*Task goal:* Which lines run from the one containing "a living room with furniture" through the end of the data? Write them out exactly, with the pictures left out.

----

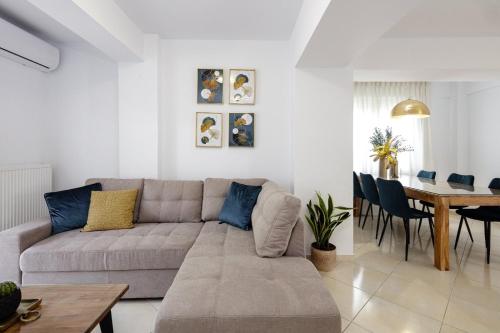 a living room with a couch and a table at Private Rooftop Jacuzzi Sea View Walk to Beach in Rethymno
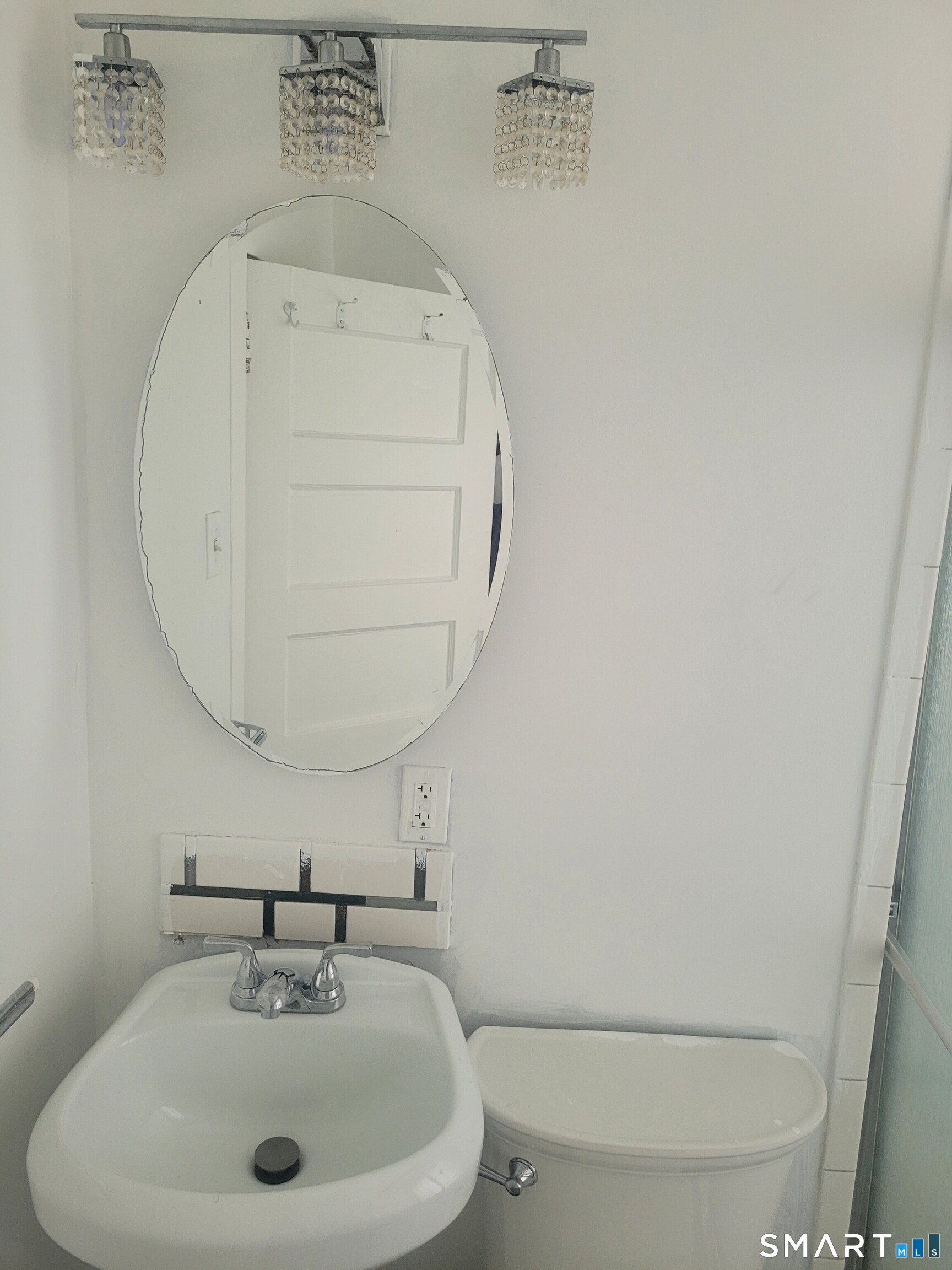606 Wilmot Avenue, Unit 4 Bridgeport, CT 06607 - Photo 9 of 16 a bathroom with a sink a mirror and vanity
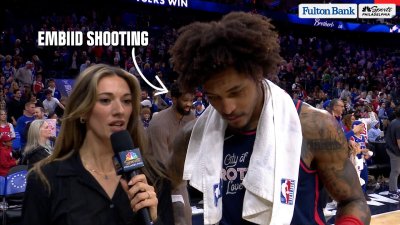 Kelly Oubre Jr. talks Sixers' win with Embiid shooting around in the background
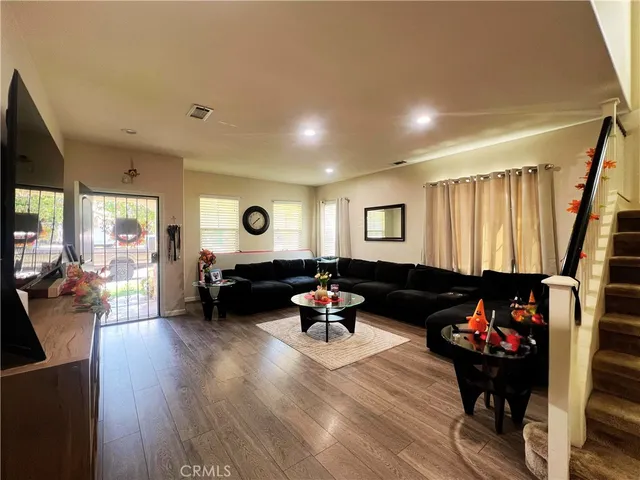 a living room with furniture and a wooden floor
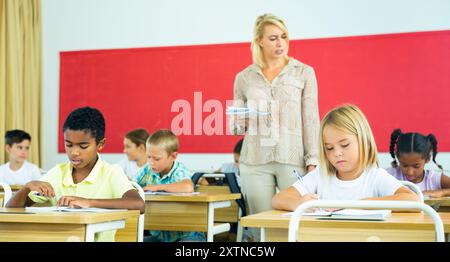 Élèves préadolescents ciblés étudiant en classe avec une enseignante Banque D'Images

----

*Solution for this problem:*
 a living room with furniture and a wooden floor
 Élèves préadolescents ciblés étudiant en classe avec une enseignante Banque D'Images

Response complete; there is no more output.